La ratio dell’aggravante, cosi’ come quella del furto in abitazione, va individuata nella necessita’ di difesa delle situazioni nelle quali maggiore e’ la esposizione a pericolo dell’incolumita’ personale, a causa della introduzione dell’agente in ambienti ove e’ elevata la probabilita’ che vengano a trovarsi soggetti suscettibili di divenire destinatari di atti di aggressione, con compromissione della sfera dell’incolumita’ individuale.
In altra recente pronuncia si e’ efficacemente osservato che “nelle ipotesi di reato di aggressione al patrimonio che si realizzano in ambiti domestici il maggior disvalore della fattispecie dipende dalle evidenti ripercussioni, diverse da quelle tipicamente patrimoniali, sulla persona, risultando una maggiore gravita’ dell’offesa per l’insicurezza percepita dalle vittime in luoghi che sono reputati tali da tutelare la vita privata, ed una piu’ intensa pericolosita’ dell’agente che entra in contatto diretto con la vittima, con il rischio piu’ elevato di possibili aggressioni”. Sulla base di questo rilievo, questa Corte ha statuito che, se la violenza o la minaccia sia stata posta in essere in un luogo di privata dimora, nei medesimi luoghi, per poi realizzarsi la sottrazione in ambienti che non presentano quelle caratteristiche, “deve ritenersi egualmente sussistente il presupposto per ritener integrata l’aggravante in parola, essendosi realizzata la maggiore esposizione a pericolo per l’incolumita’ personale che l’aggravante intende sanzionare” (cosi’ Sez. 7, n. 438 del 21/11/2017, dep. 2018, Clarente, non mass., in un caso in cui un rapinatore aveva minacciato con un’arma una delle persone offese che si trovavano nel retrobottega di un negozio, per poi subito dopo impossessarsi della refurtiva custodita nell’esercizio pubblico).
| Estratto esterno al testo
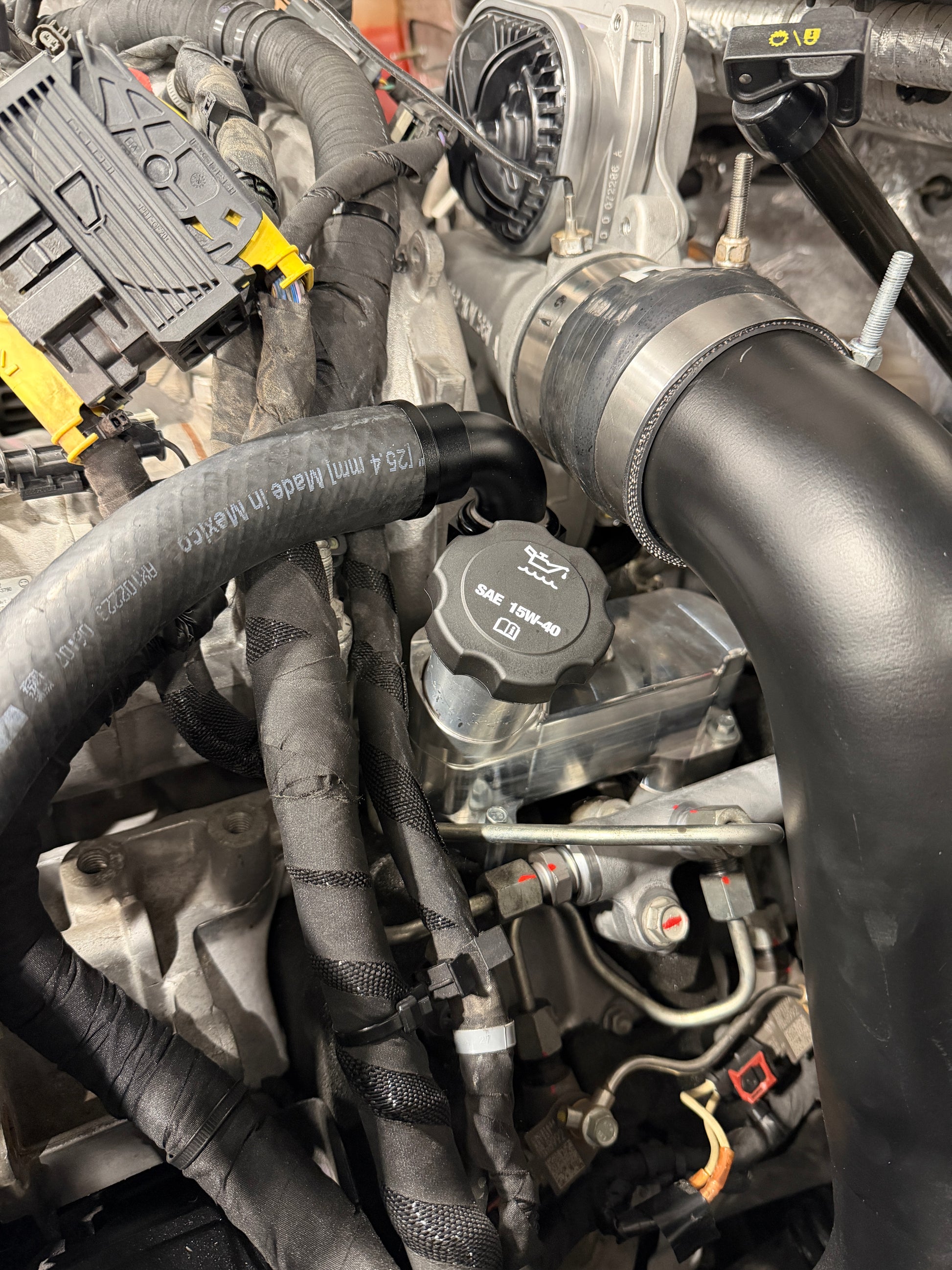 DP Customs 2017-2026 Duramax L5P Billet CCV System showing polished billet aluminum components and fitting details.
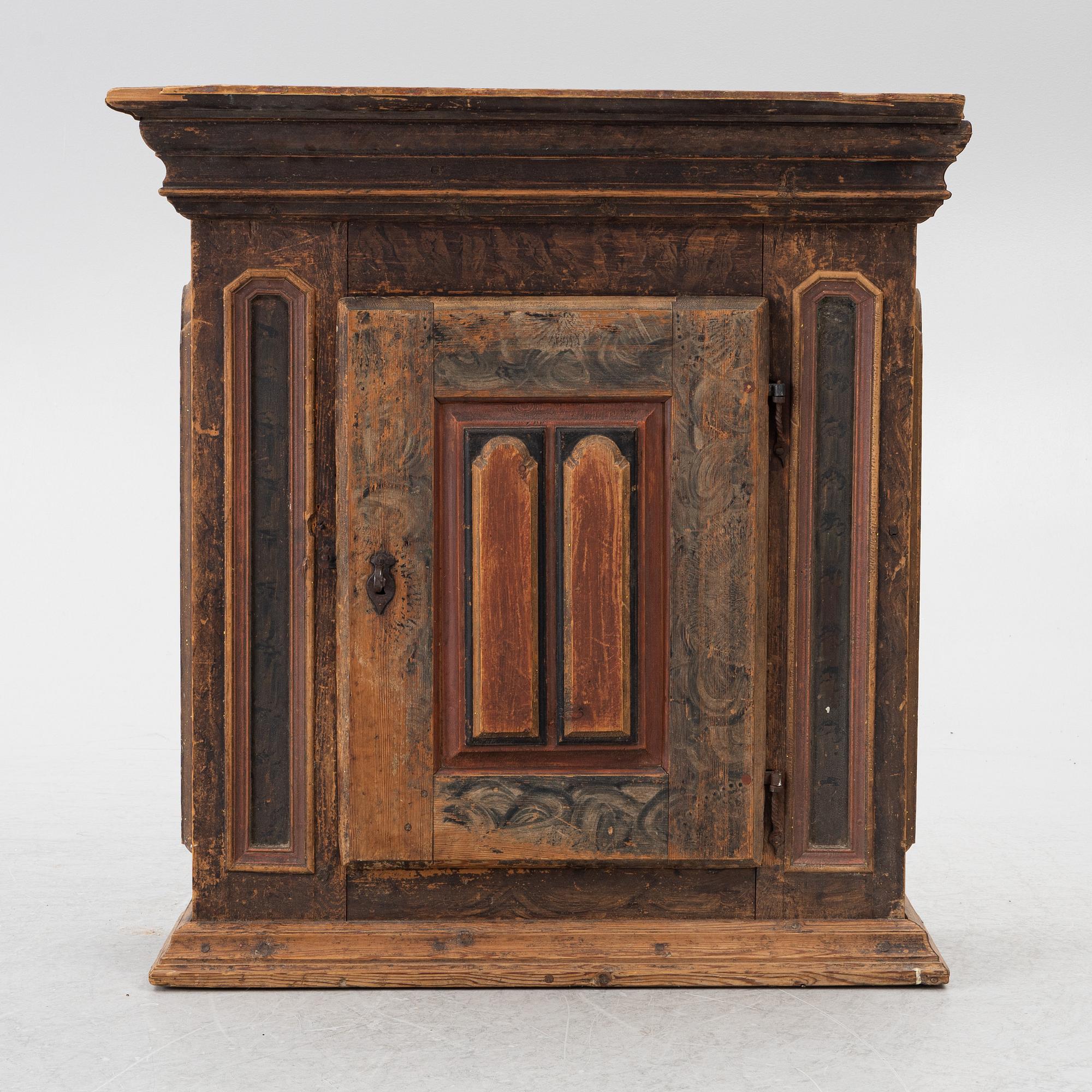 A polychrome-painted folk art hanging cabinet from Järvsö, Sweden, early 19th century.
La rapina, dunque, va valutata come una condotta unitaria e l’aggravante del fatto commesso in un edificio, o in altro luogo destinato in tutto o in parte a privata dimora o nelle pertinenze di essa, sussiste non solo qualora in uno di detti luoghi siano avvenute la sottrazione e la violenza o minaccia, ma anche quando anche solo una frazione della condotta (la sottrazione ovvero la violenza o minaccia) sia stata ivi realizzata.
5. Al rigetto delle impugnazioni proposte segue, ai sensi dell’articolo 616 c.p.p., la condanna delle ricorrenti al pagamento delle spese del procedimento.
P.Q.M.
Rigetta i ricorsi e condanna le ricorrenti al pagamento delle spese processuali.
In caso di diffusione omettere le generalità e gli altri dati identificativi dei soggetti interessati nei termini indicati.